While Donald Trump’s most eye-catching appointment may be Marco Rubio, who is strongly tipped to become the next secretary of state, some of his other hires are just as revealing about the direction his presidency will take. Reports that Stephen Miller will serve as deputy chief of staff for policy in the next administration, and the announcement that Tom Homan will be the new “border czar”, reveal two things about a second Trump White House. Firstly, that the incoming president is recruiting from a deeper populist bench this time around; and secondly, that he is placing immigration policy at the centre of his political vision.

Miller is a pioneering figure in contemporary Republican populism. In his years as a staffer for former Alabama senator Jeff Sessions, he developed a reputation as the consummate border hawk. Miller hopped aboard the Trump train early in the latter’s 2016 presidential run, then became one of his closest advisors and helped push the administration towards taking a maximalist approach to immigration enforcement.

Now, Miller will be returning to the White House with an expanded policy portfolio. As deputy chief of staff for policy, he will have considerable influence in crafting the Trump agenda. Miller’s years of experience in immigration policy have given him an impressive command of the labyrinth of US immigration law and regulations, and the fact that he has been appointed to this position shows the centrality of border control for the Trump administration’s opening act.

Meanwhile, with years of service as a police officer and a Border Patrol agent, Homan climbed the ladder at Immigration and Customs Enforcement (ICE).

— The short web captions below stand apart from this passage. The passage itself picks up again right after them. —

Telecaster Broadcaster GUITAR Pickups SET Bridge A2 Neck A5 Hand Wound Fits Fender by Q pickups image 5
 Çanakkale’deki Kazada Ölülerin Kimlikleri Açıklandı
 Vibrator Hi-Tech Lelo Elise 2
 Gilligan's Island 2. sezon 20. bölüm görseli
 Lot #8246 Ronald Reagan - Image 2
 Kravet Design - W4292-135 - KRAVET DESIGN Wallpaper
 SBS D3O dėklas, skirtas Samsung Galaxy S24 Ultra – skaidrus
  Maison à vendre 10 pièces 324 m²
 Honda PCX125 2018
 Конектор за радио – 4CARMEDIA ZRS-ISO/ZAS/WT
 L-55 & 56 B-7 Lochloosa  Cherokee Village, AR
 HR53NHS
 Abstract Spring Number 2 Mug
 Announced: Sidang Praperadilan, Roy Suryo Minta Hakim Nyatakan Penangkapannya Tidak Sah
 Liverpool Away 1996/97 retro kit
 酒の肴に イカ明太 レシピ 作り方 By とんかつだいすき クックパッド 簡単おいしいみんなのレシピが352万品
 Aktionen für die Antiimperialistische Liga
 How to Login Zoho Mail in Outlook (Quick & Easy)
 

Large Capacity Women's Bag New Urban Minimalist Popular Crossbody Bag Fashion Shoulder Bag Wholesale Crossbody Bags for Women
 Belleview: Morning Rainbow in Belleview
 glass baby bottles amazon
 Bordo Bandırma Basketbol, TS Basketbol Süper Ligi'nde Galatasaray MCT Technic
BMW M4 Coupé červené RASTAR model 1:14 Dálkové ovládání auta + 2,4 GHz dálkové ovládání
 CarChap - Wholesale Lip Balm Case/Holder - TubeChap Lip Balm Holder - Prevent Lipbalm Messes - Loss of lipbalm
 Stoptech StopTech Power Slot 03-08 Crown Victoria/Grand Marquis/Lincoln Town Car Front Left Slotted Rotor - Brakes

As acting head of ICE during Trump’s first term, Homan was a staunch defender of border controls, and has been a regular critic of Joe Biden’s lax immigration policies. During a speech at a National Conservatism conference in July, he praised Trump for taking strong executive actions on the border and ended with a promise: if the ex-president won in 2024, Homan would be there with him to “run the biggest deportation operation this country has ever seen”.

Echoing this pledge, Trump’s announcement of Homan’s appointment not only said that he would be “in charge” of the US border, but also tasked the former ICE chief with “all Deportation of Illegal Aliens back to their Country of Origin”.

Eight years ago, Trump’s transition team sometimes struggled to identify personnel who were in line with the president’s populist vision of politics, especially at the upper levels of the administration. This time around, he can draw on a bigger well of people tested by his first four years in office.

The Miller and Homan picks also indicate that Trump’s team may be readying itself for a fierce battle over immigration policy once he returns to office. Democrats are already mobilising legal, legislative, and executive efforts to resist a border crackdown. In a recent cable news appearance, Massachusetts Governor Maura Healey pledged to block the state police from cooperating with deportation efforts, and said that she would use “every tool in the toolbox” to oppose Trump’s actions. Speaking to Fox News after his appointment was announced, Homan pledged to continue regardless of opposition from Democrats: “We’re gonna do the job without you or with you.”

The coordinated detonation of border controls and the ensuing migration crisis during the Biden presidency reveal how much sway executive-branch decisions can hold over immigration policy. There are many steps the Trump White House can take at the presidential level to reverse Biden’s policies — from tearing up memos exempting wide swathes of unauthorised migrants from deportation to tightening the asylum process — and it will need to show results on this front. The breakdown at the border was a constant reminder of the fundamental failure of state capacity under Biden. Restoring order to the immigration system was a central promise of Trump’s 2024 campaign — and it will be an early test of his new administration.


Fred Bauer is a writer from New England.